UNDERSTANDING UTERUS FUNCTION WILL HELP US UNDERSTAND PRETERM LABOUR
The pregnant uterus and the brain are the only two remaining organs in the human body where there is scientific disagreement on how they actually work. A better understanding of uterus function is essential to enable us to answer vital questions about preterm birth and how to prevent it. Recently, Borne collaborator Dr. Roger Young proposed a new mechanism of function for the uterus that seems to accommodate the historical modern data.
A major controversy exists among clinicians and scientists about how the uterus coordinates the muscular contractions in all its parts, or regions. The pregnant uterus and the brain are the only two remaining organs in the human body where there is scientific disagreement on how they actually work.
For the uterus, this lack of understanding is fairly surprising. The uterus is primarily composed of only one type of cell – the smooth muscle cell – which is responsible for creating uterine contractions. Other than sensory nerves, there are no nerves that control the contractions like with skeletal muscle, and no special pathways for signalling like with the heart.
This lack of understanding has probably contributed to our inability to precisely control labour, and without control, unfortunate outcomes occur too often. Borne is particularly concerned about our inability to stop preterm labour, and our inability to fully understand dysfunctional labour that leads to Cesarean Section deliveries. Clearly, a better understanding of how the uterus contracts is required.
“With this new framework for uterine function, it now seems possible to understand the enigma of human labour.”

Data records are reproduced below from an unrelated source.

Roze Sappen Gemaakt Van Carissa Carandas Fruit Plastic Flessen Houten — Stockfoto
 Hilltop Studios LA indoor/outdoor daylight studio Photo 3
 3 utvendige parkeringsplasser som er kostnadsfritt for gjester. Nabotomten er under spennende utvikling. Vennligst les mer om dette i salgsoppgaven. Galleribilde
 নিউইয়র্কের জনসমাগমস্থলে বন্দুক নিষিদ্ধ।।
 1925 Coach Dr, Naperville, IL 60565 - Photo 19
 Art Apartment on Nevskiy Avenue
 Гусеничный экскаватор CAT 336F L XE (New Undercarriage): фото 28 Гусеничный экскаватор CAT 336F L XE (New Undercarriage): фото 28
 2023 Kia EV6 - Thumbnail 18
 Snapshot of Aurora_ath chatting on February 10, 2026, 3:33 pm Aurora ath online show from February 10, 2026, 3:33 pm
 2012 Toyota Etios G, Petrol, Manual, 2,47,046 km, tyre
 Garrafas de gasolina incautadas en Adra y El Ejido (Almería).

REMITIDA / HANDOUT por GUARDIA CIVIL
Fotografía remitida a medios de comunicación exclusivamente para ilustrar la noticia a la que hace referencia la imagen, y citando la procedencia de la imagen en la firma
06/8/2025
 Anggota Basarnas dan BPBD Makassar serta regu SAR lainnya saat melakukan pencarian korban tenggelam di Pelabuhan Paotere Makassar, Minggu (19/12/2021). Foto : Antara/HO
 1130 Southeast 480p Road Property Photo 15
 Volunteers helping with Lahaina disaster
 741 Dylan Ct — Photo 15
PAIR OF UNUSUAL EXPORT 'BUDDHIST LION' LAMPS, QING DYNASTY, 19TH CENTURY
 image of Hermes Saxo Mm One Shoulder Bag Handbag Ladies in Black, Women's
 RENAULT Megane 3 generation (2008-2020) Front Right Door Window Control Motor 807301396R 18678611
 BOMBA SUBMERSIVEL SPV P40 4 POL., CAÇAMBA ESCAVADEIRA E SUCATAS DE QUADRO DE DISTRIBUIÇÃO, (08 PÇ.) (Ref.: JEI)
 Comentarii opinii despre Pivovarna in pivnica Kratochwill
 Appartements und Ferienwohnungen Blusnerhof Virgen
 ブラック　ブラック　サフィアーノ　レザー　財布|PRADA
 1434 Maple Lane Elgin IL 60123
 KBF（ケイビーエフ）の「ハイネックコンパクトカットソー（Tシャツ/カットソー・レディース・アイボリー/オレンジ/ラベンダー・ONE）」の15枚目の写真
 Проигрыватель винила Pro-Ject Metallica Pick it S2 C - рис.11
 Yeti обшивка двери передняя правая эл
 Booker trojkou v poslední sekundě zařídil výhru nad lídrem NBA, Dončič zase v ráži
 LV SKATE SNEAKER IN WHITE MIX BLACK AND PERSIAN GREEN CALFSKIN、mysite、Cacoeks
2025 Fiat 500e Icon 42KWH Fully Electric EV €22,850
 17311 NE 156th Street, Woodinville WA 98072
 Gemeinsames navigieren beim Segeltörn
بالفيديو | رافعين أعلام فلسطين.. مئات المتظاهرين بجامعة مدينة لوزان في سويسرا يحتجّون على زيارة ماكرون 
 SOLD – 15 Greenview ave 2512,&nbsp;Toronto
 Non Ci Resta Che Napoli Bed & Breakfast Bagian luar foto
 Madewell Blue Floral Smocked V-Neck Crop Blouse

The key element of understanding of this research was that the pregnant uterus is fluid-filled and pressurised. Because of the pressure, each region of the uterus experiences a mechanical tension that is shared with all the other regions. This hydraulic-mechanical signalling allows the regions of the uterus to rapidly communicate with each other, much like the brakes on each wheel of your car can be activated at the same time by foot pressure at a remote location.
While the Dual mechanism is simple to describe, it took 5 years of dedicated research for the scientific community to begin to accept this as important for uterine functioning. Further work needs to be performed to establish important details of the Dual mechanism, specifically pointed towards stopping preterm labour and normalising dysfunctional labour. However, with this new framework for uterine function, it now seems possible to understand the enigma of human labour.
With this new understanding, Borne has high hopes that additional research will find new clinical treatments. Continuing to improve understanding is the only way to gain better control of labor, so that someday soon the word “impossible” can be removed from the practice of clinical obstetrics.